Children's limbs have been amputated because clinics did not have the equipment to treat their wounds, it said. Newborns have died in incubators because of power cuts and parents have administered intravenous drips to their children because there was not enough medical staff to help them.
Patients have died from receiving wrong blood types, and transfusions have in some places been performed directly between people because of a lack of power, according to the report.
The report quoted the Syrian American Medical Society as estimating that, since the start of the conflict, 200,000 Syrians had died from chronic illnesses because of a lack of access to treatment and drugs.
Polio infects up to 80,000 children
Syria's vaccination coverage has also been hit hard. Before the war, coverage was 91 percent, but fell to 68 percent just a year after the conflict's start, and is probably much lower now, the report said.
Measles and meningitis have spread, and polio - which the report said was eradicated across Syria in 1995 - has now infected up to 80,000 children, it added.

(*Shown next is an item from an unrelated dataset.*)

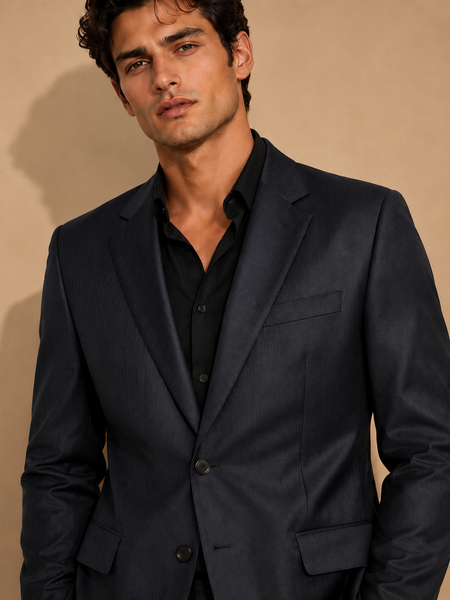 Midnight Blue Italian Wool Blazer (Deep Indigo Cacao & Brass Float) - MMJCUS003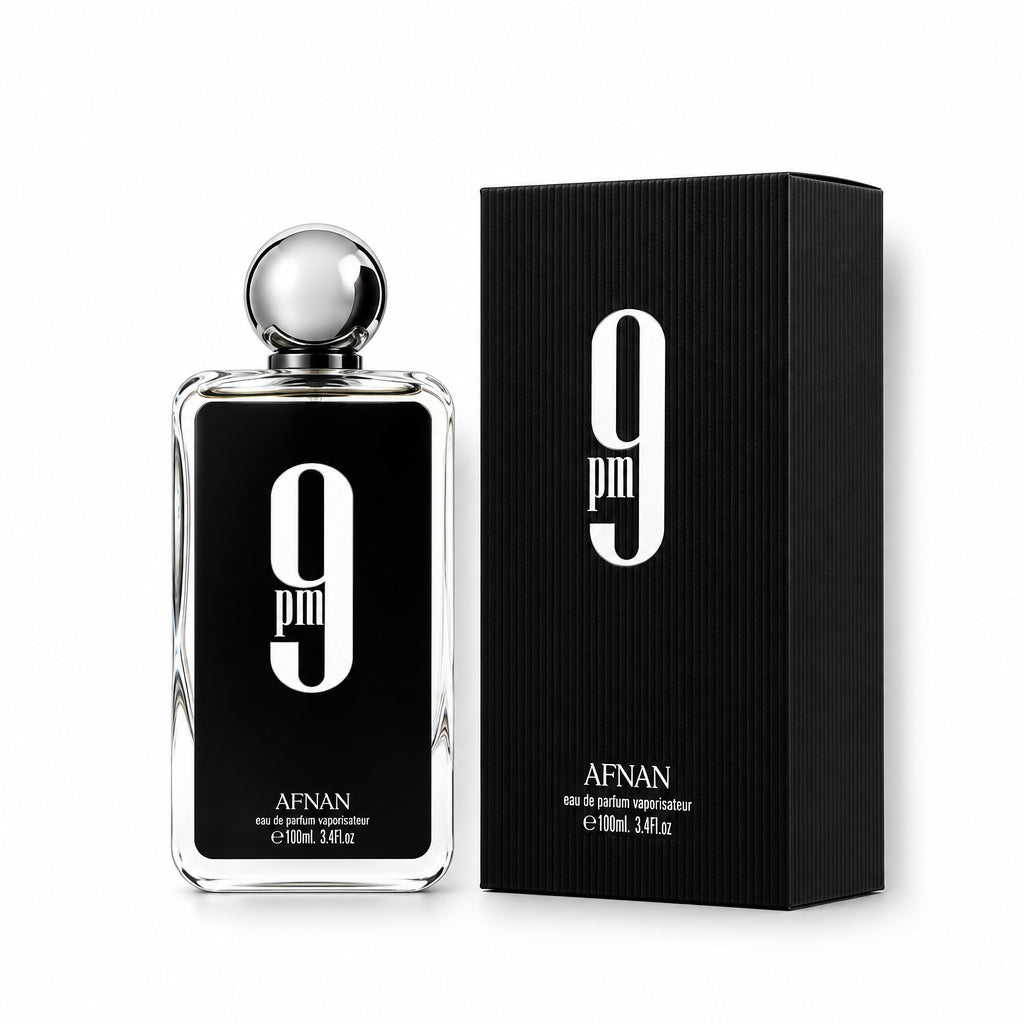 Afnan 9PM perfume bottle and packaging on a white background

"Children born after 2010 have not been vaccinated for two years. There have been heavy restrictions in access to vaccines and health workers have not been able to reach children in need."

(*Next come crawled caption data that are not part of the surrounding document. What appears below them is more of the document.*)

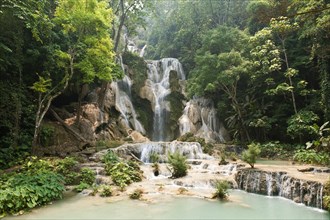 Waterfall with natural pools in the jungle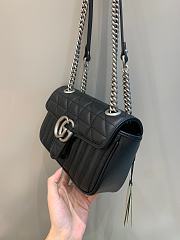 Okify Gucci GG Marmont Mini Shoulder Bag Black Leather Silver Hardware - 6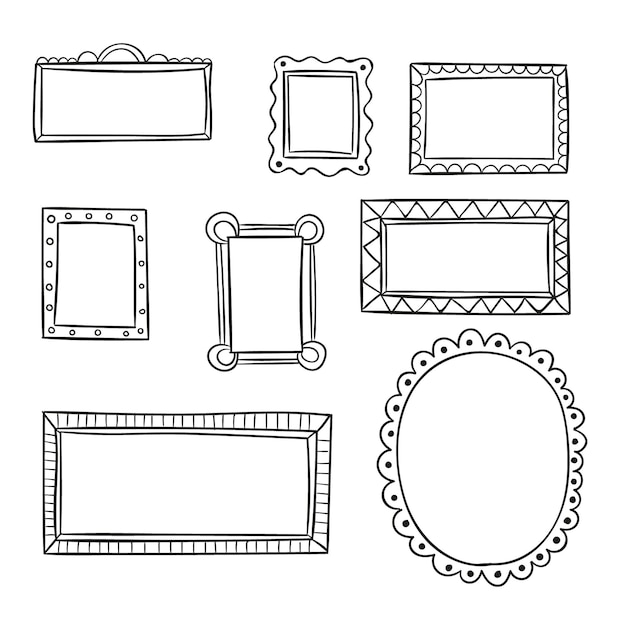Conjunto de marcos ornamentales dibujados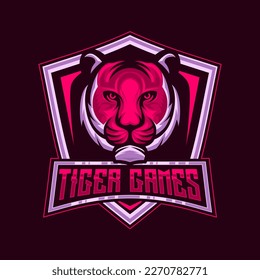 Tiger Logo. Tiger Head E-Sport Mascot Logo Design Vector Illustration Template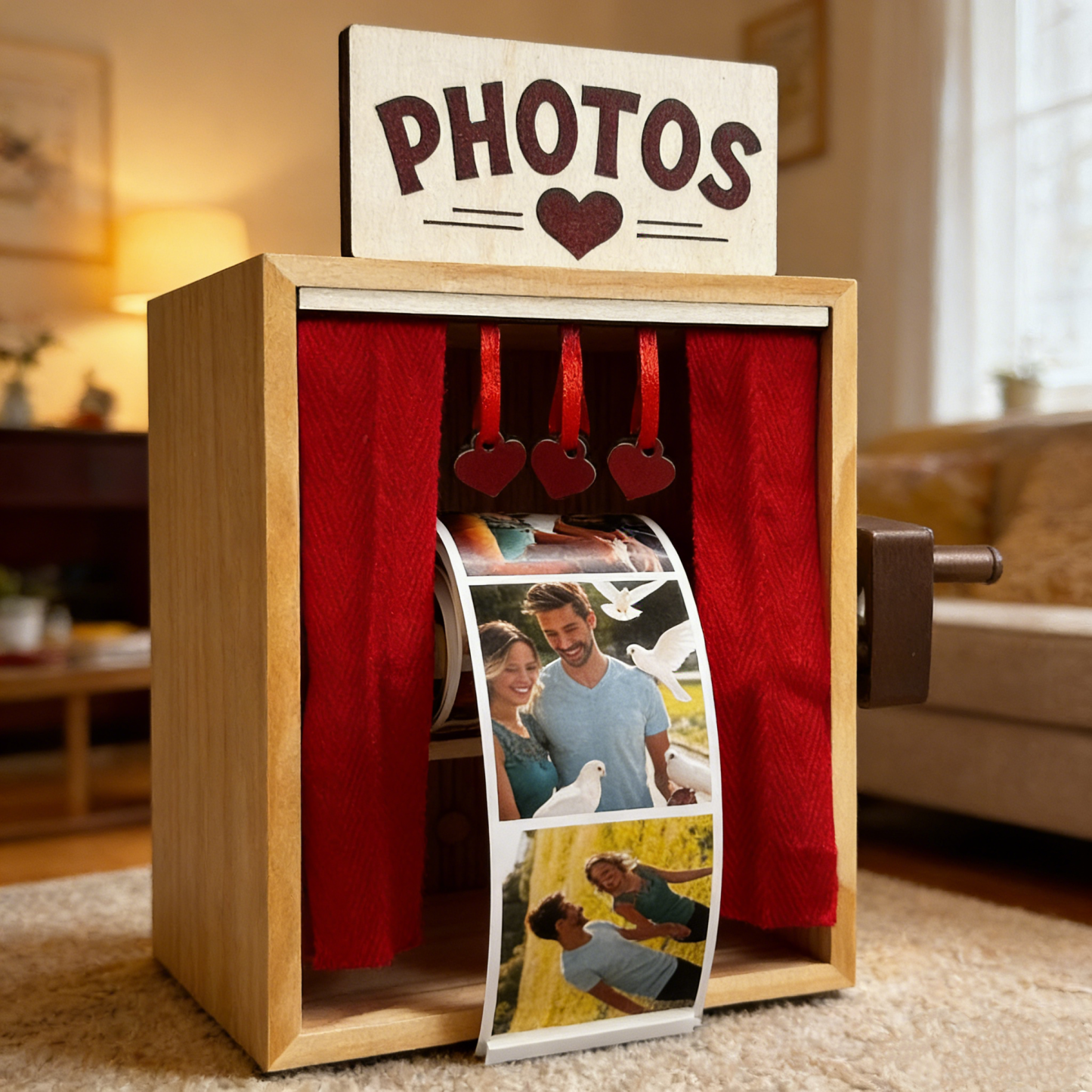 カスタム写真 手回し式フォトブース パーソナライズ写真スクロールディスプレイ カップル向け思い出ギフト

Factors including overcrowding and poor living conditions, water and sanitation have meant skin diseases including leishmaniasis - a parasitic disease caused by the bite of the sandfly - have increased.
There were fewer than 3,000 cases before the war, and now there are more than 100,000.
Save the Children called for humanitarian groups to be given freedom of access to all areas and aid to be allowed across conflict lines, after ceasefires if necessary.
"Immediate investment in, and access to, child-focused health services is needed to ensure that children are not dying from preventable and treatable injuries and illnesses," it said.